One year later, Alexa is still the only voice assistant for the Sonos One.

That sucks.

Credit: Sonos

From day one, Sonos’ pitch for the burgeoning smart speaker market has been as tantalising as it vague. 

More specifically, the audio brand have been pivoting towards being service-agonistic. You can be an Apple Music, Google Music or Spotify subscriber and still be able to get the most out of the the Sonos One smart speaker and Sonos Beam soundbar.

Sonos’ neutrality in the ongoing fight for voice assistant supremacy goes hand-in-hand with this proposition. Rather than side with the Google Assistant like JBL or Amazon Alexa like Ultimate Ears. The future that Sonos have been selling over the last year has been one that sounds good no matter which voice assistant you rely on. Google Assistant. Alexa. Bixby. Siri. Cortana.

Sonos wants to play nice with all of them. The problem is that the reality of what the company are selling hasn’t lived up to these ambitions.

This week marks one year since the official announcement of the Sonos One. One year since the company’s pitched itself as the service and voice assistant-agonistic audio ecosystem that anybody could buy. One year and there’s still no sign of the Google Assistant on the Sonos One.

What gives?

Credit: Sonos

Play It Again

Let’s retrace our steps.

Back in 2017, Sonos announced their first smart speaker on October 5th. The Sonos One launched it a few weeks later on the 24th. At that time, the Sonos One supported Amazon Alexa in overseas markets but not in Australia. This was because Alexa wasn’t officially available in our region yet. Meanwhile, Google Assistant support would be added via software-update sometime in 2018.

According to Sonos, the plan was to wait until Amazon had launched Alexa in Australia before offering rolling out the voice function for local customers. Early adopters of the Sonos One were essentially just buying a slightly-refreshed Sonos Play:1 on the promise that a software upgrade would it make it smarter later the line.

And in April, this actually began to happen. Several months after the Echo, Echo Dot and Echo Plus arrived in Australia, Sonos One owners finally gained access to Amazon’s voice assistant. In July, the Sonos Beam launched with the same functionality.

Credit: Sonos

Later that month, both speakers received another software upgrade - giving them the capability to integrate with Apple’s AirPlay 2. This wasn’t quite full-blown Siri-integration - but it was definitely a step in the right direction.

However, as of October - there’s still no sign of the Google Assistant. And with Google’s Home speakers now having officially overtaken Amazon for the first time, according to Canalys, that’s not good enough.

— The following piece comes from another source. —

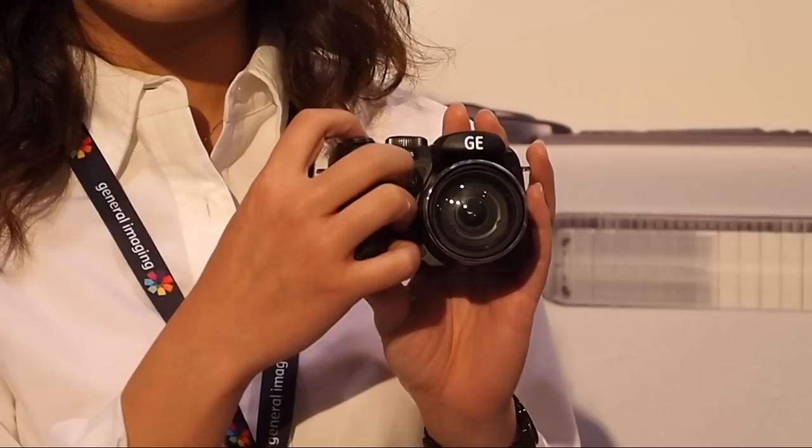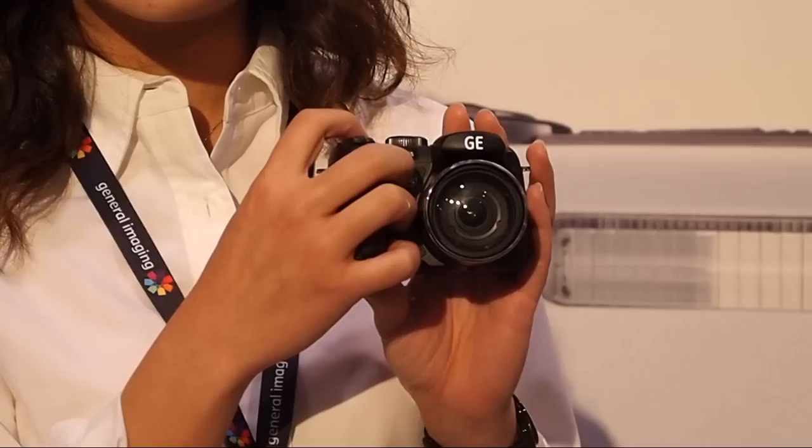This one is our X5, the newest model — the prosumer camera from 2010. It has 14 megapixels, 15 times optical zoom, and the best feature is it has optical image stabilization.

Early adopters were sold the Sonos One on the promise that it’d easily integrate with their music-streaming, smart home and assistant setup, no matter the brands involved. The continued absence of the Google Assistant on the Sonos One (and now the Sonos Beam) is more than an irritation. It’s a borderline-failure by Sonos to deliver the what they promised.

A smart speaker that plays nice with one and a half voice assistants is not the same thing as  smart speaker that plays nice with multiple voice assistants.

I’m not entirely unsympathetic. Sometimes, technology is hard. Sometimes, it takes longer to implement a feature than you’d expect. Sometimes, stuff happens.  But if we’re being honest - we’re now two months away from Sonos’ missing a fourteen-month deadline it set for itself. If that ends up happening, then they probably should not have promised this feature up-front.

Credit: Sonos

Pending an eleventh-hour breakthrough, it doesn’t look like Sonos is actually going to pull it together before 2019.

Where to from here

Transparency is a good place to start.

Sonos should release an update on their blog. Explain to customers and early adopters why this feature has taken so long to implement, what issues have arisen and - realistically - what the estimated release timeline looks like at this stage.

Looking beyond the arrival of the Google Assistant, Sonos should pay more than lip service to the idea of adding Bixby or Cortana support to the Sonos One and Sonos Beam. Yes, the audience and user-bases for those Assistants is significantly smaller than that of the dominant market leaders. But, if that same logic really applied, then Sonos wouldn’t tout support for the seventy different music streaming services their speakers come ready to play nice with out of the box.

Samsung are currently trying to build-up developer support with Bixby. Microsoft refuse to abandon Cortana. Surely partnerships with both these companies would be not only possible but mutually beneficial for Sonos to pursue.

Both Bixby and Cortana have their diehard fans. And there aren’t a whole lot of smart speakers out there that support for either beyond the Harmon Kardon Invoke and Samsung’s own Galaxy Home speaker. Compared to the all-out brawl for attention in the world of Assistant-powered and on-board Alexa speakers, adding support for Bixby or Cortana would put Sonos in a dominant position for users who rely on those voice assistants.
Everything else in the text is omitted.